Data provided
::::
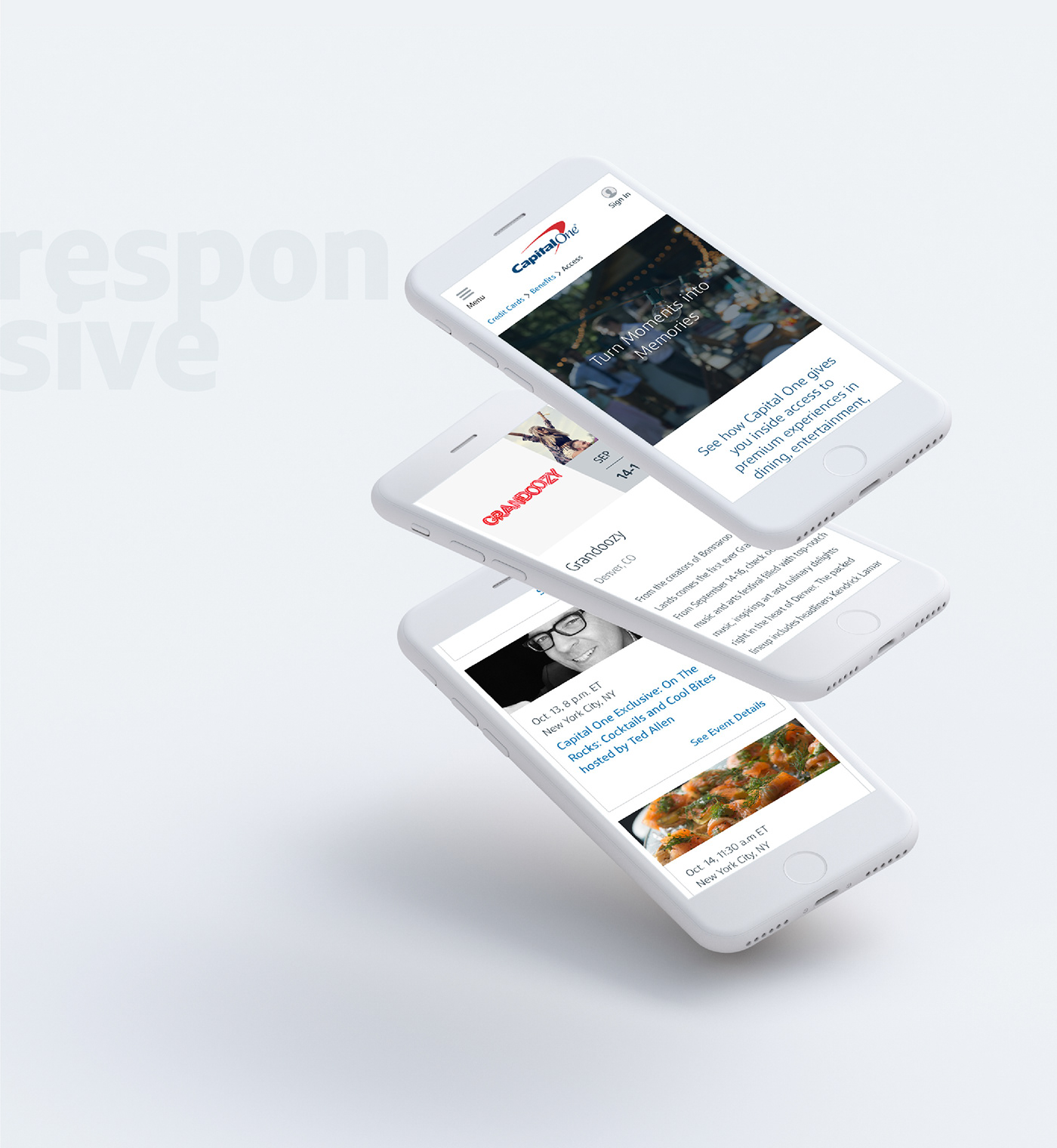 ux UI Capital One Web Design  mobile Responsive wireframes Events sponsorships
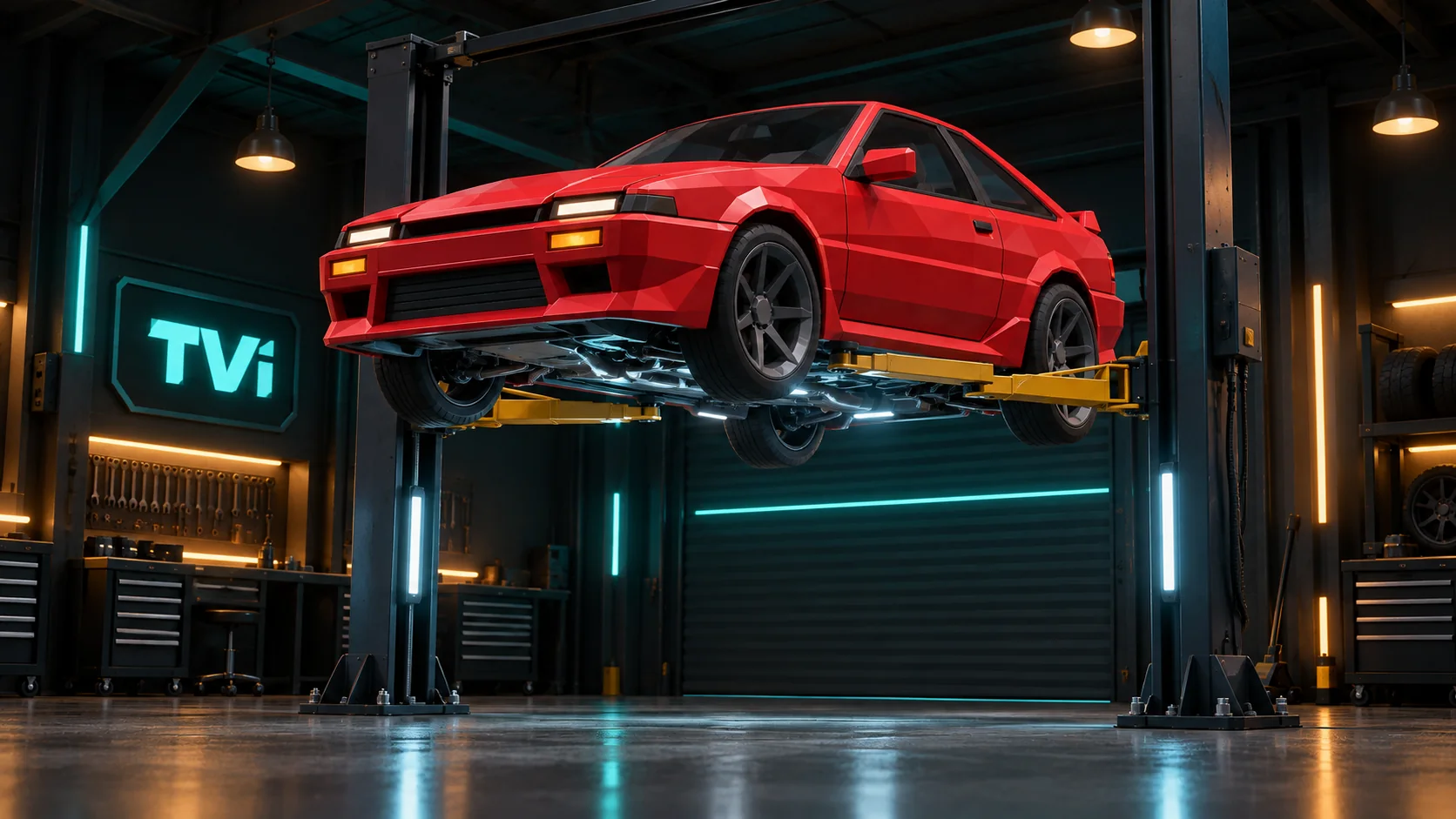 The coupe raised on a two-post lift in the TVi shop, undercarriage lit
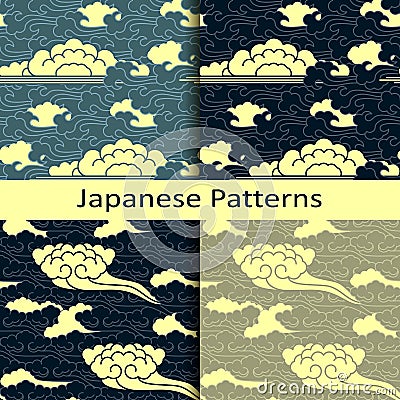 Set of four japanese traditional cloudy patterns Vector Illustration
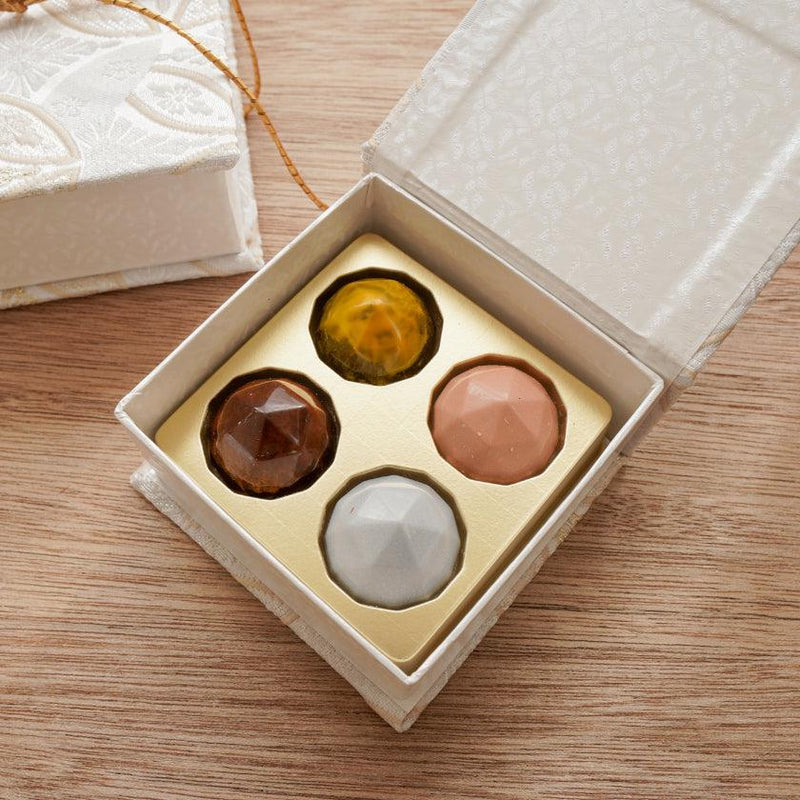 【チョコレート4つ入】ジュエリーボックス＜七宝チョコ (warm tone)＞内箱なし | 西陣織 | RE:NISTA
::::
Problem requirements
What is needed is an exact repeat of only the lines from the one containing "The coupe raised" through the last line of the listing above, both ends included, without the pictures.

Exercise output
 The coupe raised on a two-post lift in the TVi shop, undercarriage lit
 Set of four japanese traditional cloudy patterns Vector Illustration
 【チョコレート4つ入】ジュエリーボックス＜七宝チョコ (warm tone)＞内箱なし | 西陣織 | RE:NISTA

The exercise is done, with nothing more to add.